まあ、この辺はきっちりと術式を作っておこう。
後は器の外見であるが……魔法生物組のスレイブユニットのようにコンパクトでデフォルメされた姿にするか、頭身を人に近付けるかのどちらかが良いだろうという話になっている。
『個々で多少の見た目が違っても共通の……そう、意匠のようなものがあればコルゴティオ族だと分かりやすくなるのではないかな』
『うむ。それは良いな。星の象徴のような意匠もあるのだろう?』
星マークか。まあ、そうだな。小惑星帯をモチーフに複数の星や流れ星マークを器なり衣服なり腕章なりに入れるというのは一族を分かりやすく示す効果はありそうだ。
「光輝く星の意匠は、コルゴティオ族の皆さんの本体の姿にも似ていますね」
『おお。それは確かにそうかも知れない』
グレイスが言うとコルゴティオ族の面々が明滅する。そうだな。五芒星にしろもっと細かい放射が出ている意匠にしろ、四方八方に差している光を表しているというのが一般的な星をモチーフした図形だからだ。
そんなわけでコルゴティオ族と相談した結果、輝く星々の意匠となった。彼らの生まれ故郷は小惑星帯であって、マクロな視点で見ればともかく、彼らの主観としては流星としてどこかに流れていたわけではなかったからな。
見た目に関しても、リアルタイプとデフォルメタイプの好きな方を個々人で選択してもらった。大別すると二極化しているが、細かい造形に関してはカーラが気合を入れてくれているな。
「目や鼻、口元、輪郭等の組み合わせを示していただけたら全体として調和のとれたものにしますよ。身体の大きさに合わせて、少し調整するだけで可愛らしい印象にしたりもできますからね」
カーラが微笑み、シグリッタがこくんと頷く。目、鼻、口に分かれた絵をシグリッタが描いてきており、それらをモンタージュ写真のように組み合わせる事ができるようにしたわけだな。それらモンタージュの絵も、シグリッタが記憶している人々の似顔絵からカーラがパーツを抜粋したもの、ということらしい。コルゴティオ族に個別の器を作るという話が持ち上がった時から準備してくれていたものだな。

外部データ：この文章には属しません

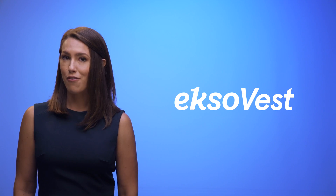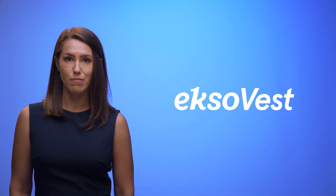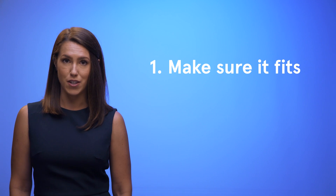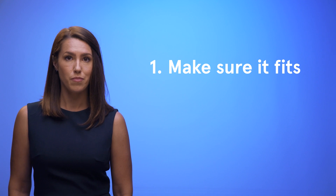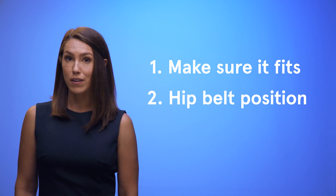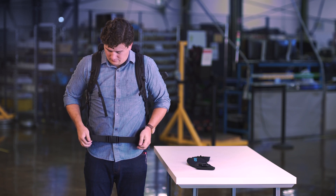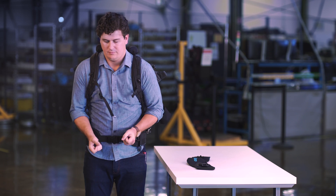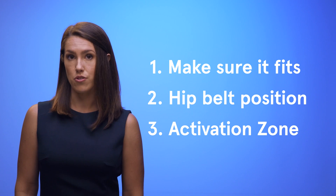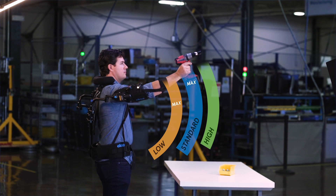In this video, we've covered everything you need to know to get started with your ExoVest. Just remember three things. One, your ExoVest only works if it's correctly fitted to your body — know your measurements. Two, your ExoVest only works if the hip belt is positioned properly over your hip bones and cinched tightly; if it's above or below, it's uncomfortable. Three, your ExoVest only works when your arms are in the activation zone. The farther your elbows are from your sides, the more your ExoVest helps.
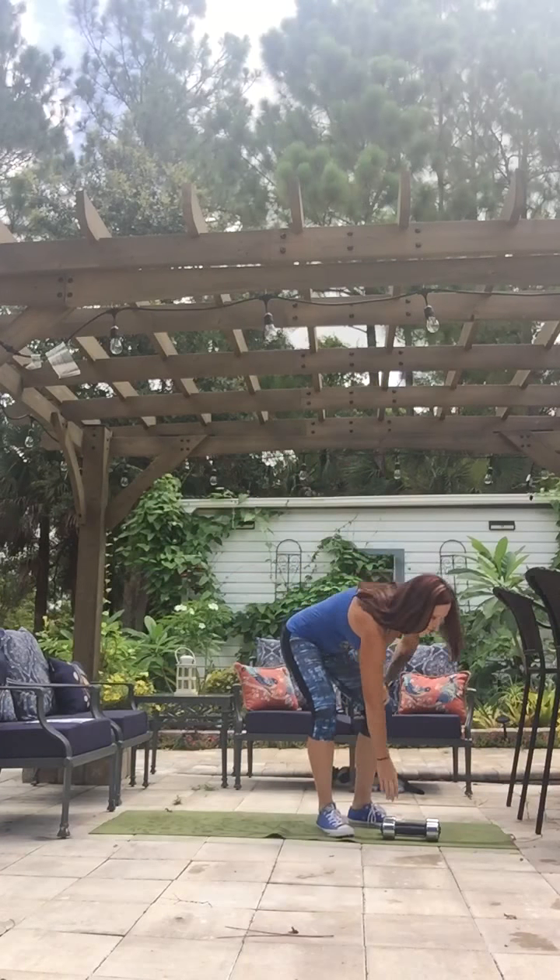What we're going to need is a mat — this one's a little bit rough on your elbows, just so you know — and then we need a set of weights. My weights are about 8 pounds. You really don't need to do heavy weights for abs because you don't want to make this midsection thicker. You just want to tighten it up.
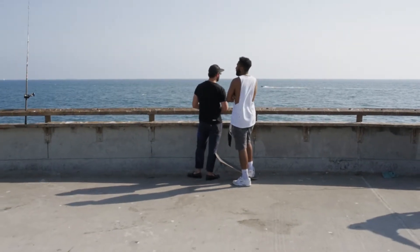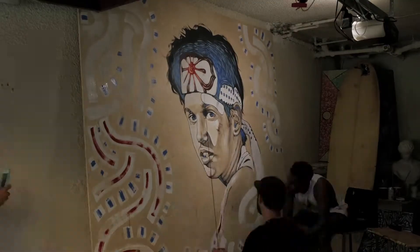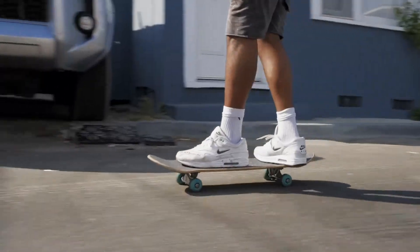It's just kind of like seeing what spot needs what and then just going for it, really. That's my favorite part of collaborating — I learn a little bit more and grow as an artist.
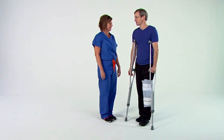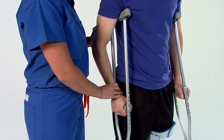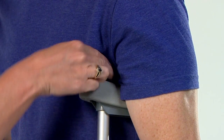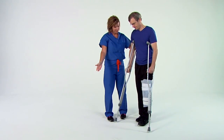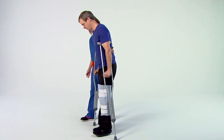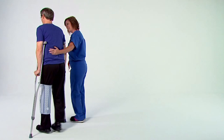Your crutches should be shoulder-width apart and your elbows slightly bent. Make sure the crutch pad isn't pushing into your armpit. There should be about two finger widths distance between the pad and underneath your arm. As you begin to walk, bring your crutches forward. Then push through your hands and advance your non-surgical leg, stepping with the opposite leg.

『ルーンガルドで皆と生きるのならば、個体識別は大事なものだからな』
コルゴティオ族は真剣な様子で一つ一つ絵を組み合わせて顔を選んでいる様子だ。選択肢が多いだけに『この顔だとどんな印象だろうか?』と質問をしたり『造形についてはまだよく分かっていないが我はこれが気に入った』と盛り上がったりしていた。
ゲームのキャラメイクのようで、中々楽しい作業なのかも知れない。きっとカーラが良い塩梅に仕上げてくれる事だろう。
そんな調子で一人一人、コルゴティオ族の器やその見た目を決めていったのであった。